Below are entries to reproduce exactly, apart from their pictures.

■ ■ ■ ■ ■ ■ ■

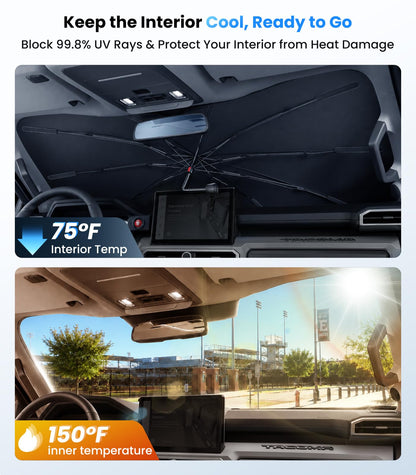 2026 Upgraded Windshield Sun Shade Umbrella (For Toyota Tacoma)
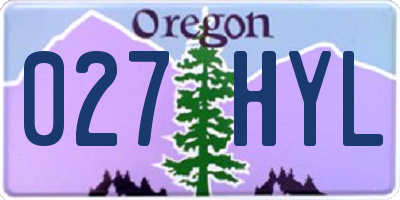 OR license plate 027HYL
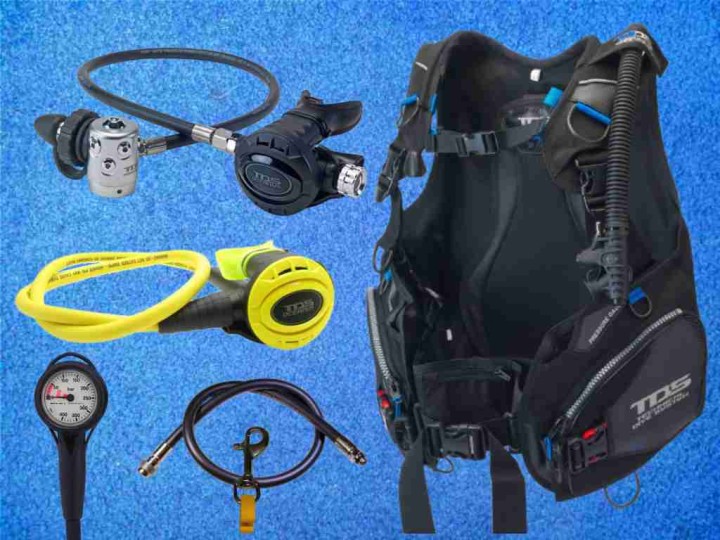 Tauchausrüstung mit ADV Jacket und Atemregler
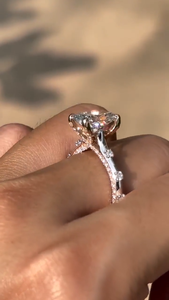 Bague solitaire de fiançailles en or massif 14 carats avec diamant de laboratoire taille radiant de 3 carats, style vintage, cadeau d'anniversaire - Product Image 3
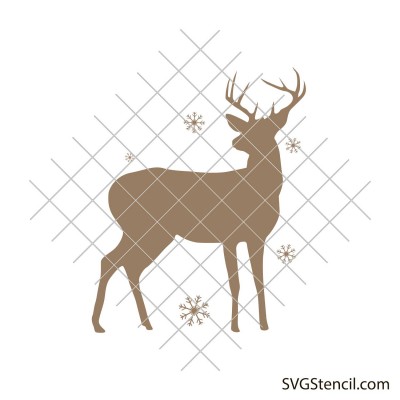 Standing reindeer svg | Deer and snowflakes svg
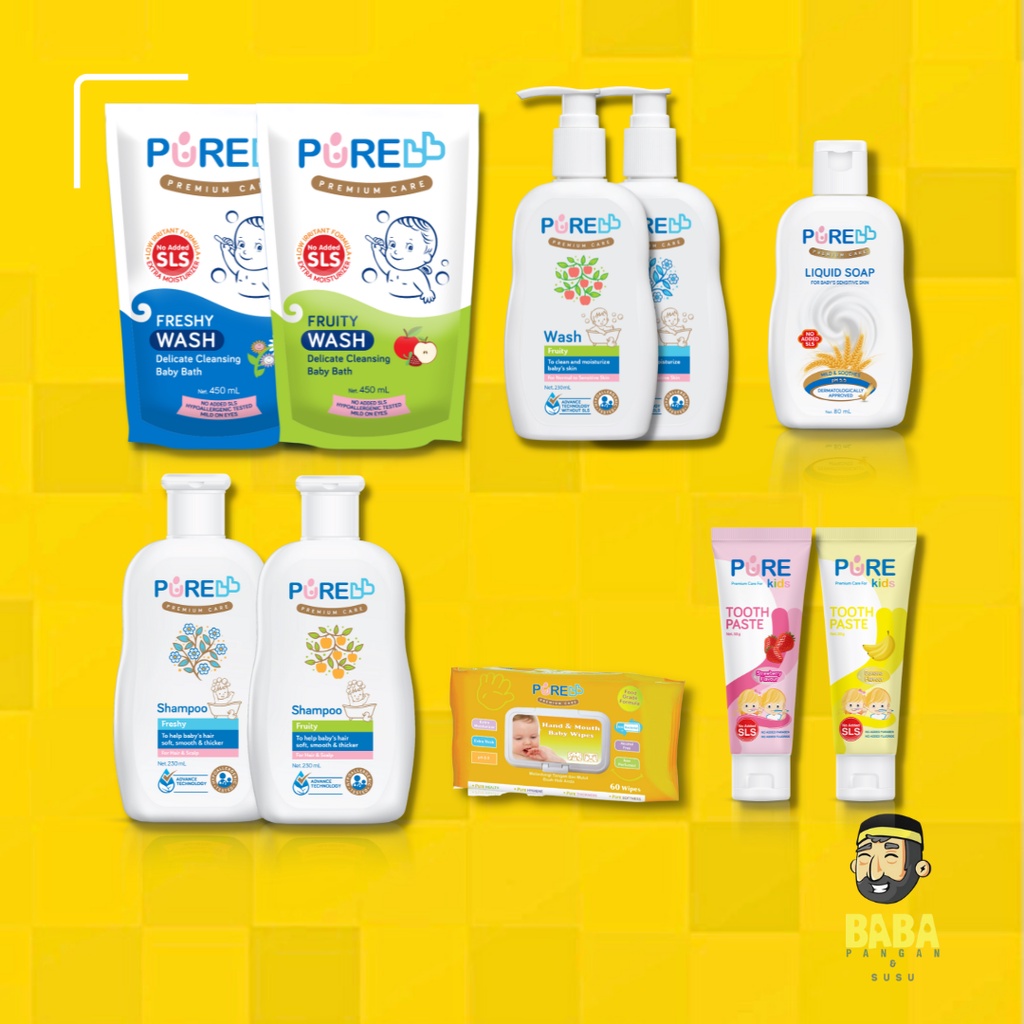 Pure BB Kids Wash Shampoo Liquid Soap Tooth Paste Pasta Gigi Wipes 60s Wash Shampoo Fruity Freshy 230ml Refill 450ml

■ ■ ■ ■ ■ ■ ■

**ANSWER**
 2026 Upgraded Windshield Sun Shade Umbrella (For Toyota Tacoma)
 OR license plate 027HYL
 Tauchausrüstung mit ADV Jacket und Atemregler
 Bague solitaire de fiançailles en or massif 14 carats avec diamant de laboratoire taille radiant de 3 carats, style vintage, cadeau d'anniversaire - Product Image 3
 Standing reindeer svg | Deer and snowflakes svg
 Pure BB Kids Wash Shampoo Liquid Soap Tooth Paste Pasta Gigi Wipes 60s Wash Shampoo Fruity Freshy 230ml Refill 450ml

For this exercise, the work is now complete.